Tributes & Stories

1954

A Naval Academy graduate (class of 1938), another Naval Academy graduate (class of 1954) and a submarine

Adversity and Its Adverse Effects
Admiral Forrest Sherman: A Very Considerate CNO 

A Naval Academy graduate (class of 1938), another Naval Academy graduate (class of 1954) and a submarine 

Shortly after World War II, CMDR John F. Bauer, took command of a submarine called the USS Clamagore (SS 343). In 1947, a sailor named Don Ulmer joined the Navy after high school and soon reported to duty aboard that submarine. A couple years later, Cmdr. Bauer, a very bright individual, saw great potential in that sailor. One day, he pulled Don Ulmer aside and told him that he thought the young sailor was "too bright" to spend his career in the Navy as an enlisted man and suggested that he become an officer. "Furthermore," Cmdr. Bauer said, "we need your bunk!" Cmdr. Bauer then wrote a referral for Don Ulmer to attend the Naval Academy. In 1950, Don Ulmer entered the Naval Academy and graduated in 1954. What is incredible is that in 1967, Lt. Cmdr. Don Ulmer returned to take COMMAND of the USS Clamagore! This time he had traded that bunk under that torpedo loading for the captain's bunk!

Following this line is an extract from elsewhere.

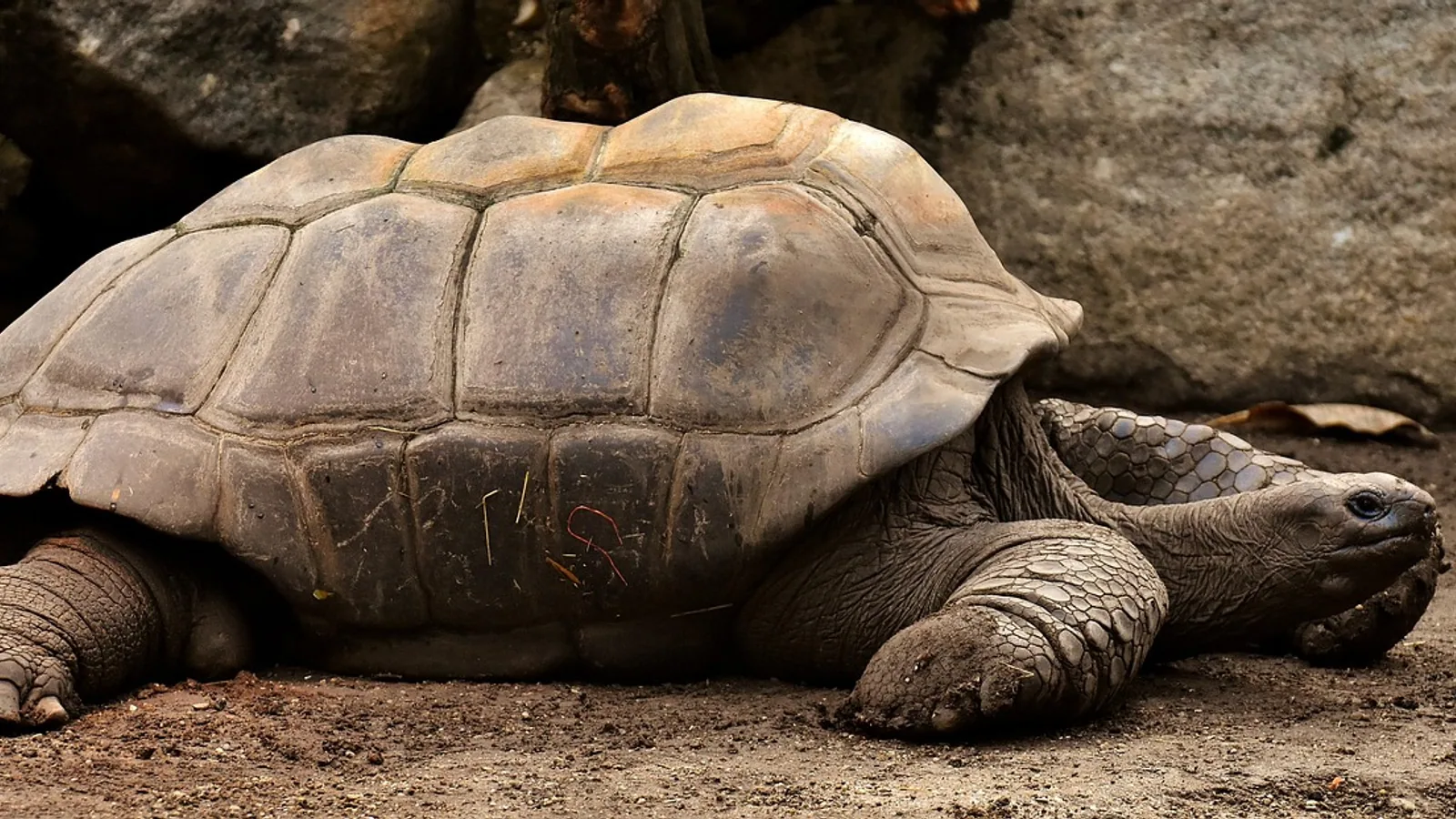 What Animal Lives the Longest? Records Explained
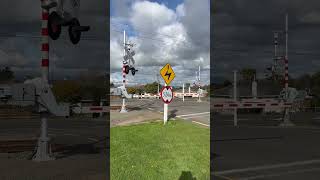 Coming Soon Lethbridge Street Level Crossing Feilding [upl. by Stark]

Don Ulmer obtained the rank of captain and served thirty-two years in the Navy.

Captain Don Ulmer lectures one to two times a month in the Flight Museum in Redmond, Washington about his amazing Clamagore tale. In addition, he tells his standing-room-only audience about another amazing tale. During WWII Cmdr. Bauer rescued the 8 surviving crew members of a downed B-29 bomber off the coast of japan. The crew had drifted 4 hours in their tiny lift rafts waiting for a submarine to emerge. Being so close to the coast of Japan, the airmen did not know if that sub would be Japanese or American. The submarine that did finally emerge was the USS Springer, an American sub! After the 7 airmen had come aboard, Cmdr. Bauer was informed that there was still one more airman (the top gunner, Bob Thomas) who was in the water about a mile away and who may be still alive. His location was only 10 miles off the coast of Japan and the ocean there was too shallow for a submarine to dive. Cmdr. Bauer risked the lives of 80+ men to look for Bob Thomas. A sailor, Goober Blankenship, finally spotted Bob. The biggest sailor on the submarine (Bill Katt) jumped from the deck and swam out to pull the almost dead (but very grateful) Bob Thomas to the safety of the USS Springer. The entire rescue was filmed too, in color!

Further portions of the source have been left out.